新型コロナで奈良市の小学校、運動場で青空入学式

2020.4.11 10:00

運動場で開催され、青空入学式となった奈良市内の小学校の様子(4月8日)

(写真2枚)

新型コロナウイルス感染拡大に伴い、4月2日に市立幼小中の再開を2週間延長すると決めた奈良市。4月8日の小学校入学式は急きょ、異例の運動場でおこなわれた。

これは、4月7日に中学校の入学式がおこなわれた際、感染を心配して一部の新入生や保護者の欠席があったことが理由。新1年生が1クラスの小学校は、間隔をあけて通常通り体育館で開催された。

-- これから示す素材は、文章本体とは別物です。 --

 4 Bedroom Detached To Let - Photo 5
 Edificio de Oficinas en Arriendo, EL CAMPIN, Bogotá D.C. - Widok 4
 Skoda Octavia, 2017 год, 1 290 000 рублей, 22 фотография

市内の新入学生、新入園生は、30分間の短縮版で入学・入園式をおこない、そのまま4月17日まで休校になる。参加者は、新入生、教職員、保護者のみで、在校生と来賓の参加はない。さらに保護者は同居の2名以内に限定され、かなり規模が縮小された。

仲川げん市長は、「少しでも子どもや保護者に安心して入学入園を祝ってもらいたい、との思いもあり変則的な形となりました」と説明した。

当日、新1年生たちは、新しい教室に入ることはなく、掲示板でクラスを確認し、運動場に間隔を空けて並べられたクラスごとの席に座った。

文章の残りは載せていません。